ドリアン

カラー版 ドリアン―果物の王 (中公新書)

カラー版 ドリアン―果物の王 (中公新書)

 日経日曜版の文化欄。「熱帯果物嗜好」と題したエッセイ。植物学者である作者は知らぬ仲ではないのだがこのような文筆家とは迂闊にも知らなかった。

 まずマンゴーが日本でもポピュラーな果物として受け入れられるようになったところから始まり

封印は解かれた。となれば、時代は次にはドリアンに向かうだろう。

と受けてドリアンの解説にはいり、そしてちゃっかり彼の近著の紹介までしていた。

 その熱に煽られて彼の近著「ドリアン」を購入。カラフルな写真をふんだんに使って彼の持つドリアンに対するうんちくをとことん披瀝している。これが面白い。植物学者である著者はドリアンの植物系統上の地位、ドリアンの味、においを構成する化学物質の組成、ドリアンの栽培方法まで自身の体験に基づいて書いている。はたまた下記のような無責任きわまる(?!)提案まで行っている。まさかこれだけで真に受ける人もいないことを願いたい。

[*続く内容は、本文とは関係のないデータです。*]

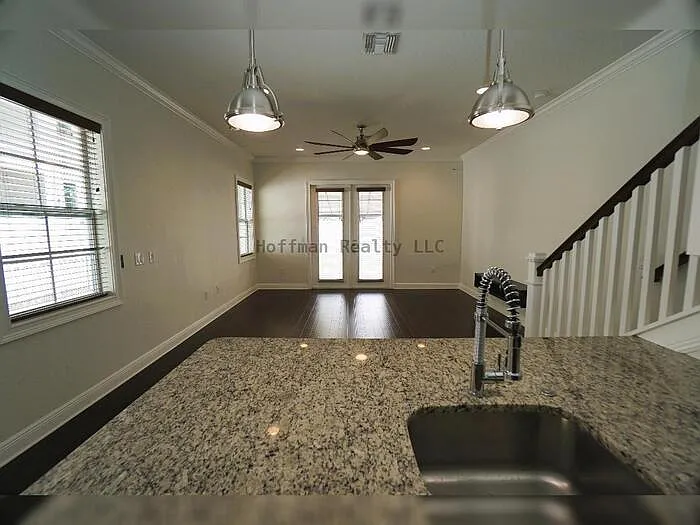 4250 W Carmen St — Photo 6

ドリアンの結実の様子や落下の様子を観察するツアーを組めば観光需要もあるかもしれない。前例がないだけに責任はとりかねるが、冒険心のある篤農家に是非お勧めしたい。

後半に入ると「ドリアンの果物史」と題して45ページを費やした章にはいる。日本人と栽培果実との関わりを歴史を辿って様々な文芸作品を引用して述べた圧巻の章だ。バナナ、マンゴ、マンゴスチン、グレープフルーツ、バニラ、リンゴ、それからゴム(これは食べられないか・・・)。あれれ、しかしドリアンに触れたところが少ないぞ!それは無理もない。ほとんど日本人になじみのない果実なのでたまに出てきても「くさくて変わったとげとげの果物」、くらいの記述しか見つからない。その最たる者は三島由紀夫の「豊饒の海」第三巻、を引いた箇所だ。三島はドリアンと一言も書いていないのにもかかわらず、若い女性の官能を果実にたとえて表現したくだり、

彼はしつこい熱帯の果実の、今からを打ち割ったばかりの果肉のにおいをかぐような気がした。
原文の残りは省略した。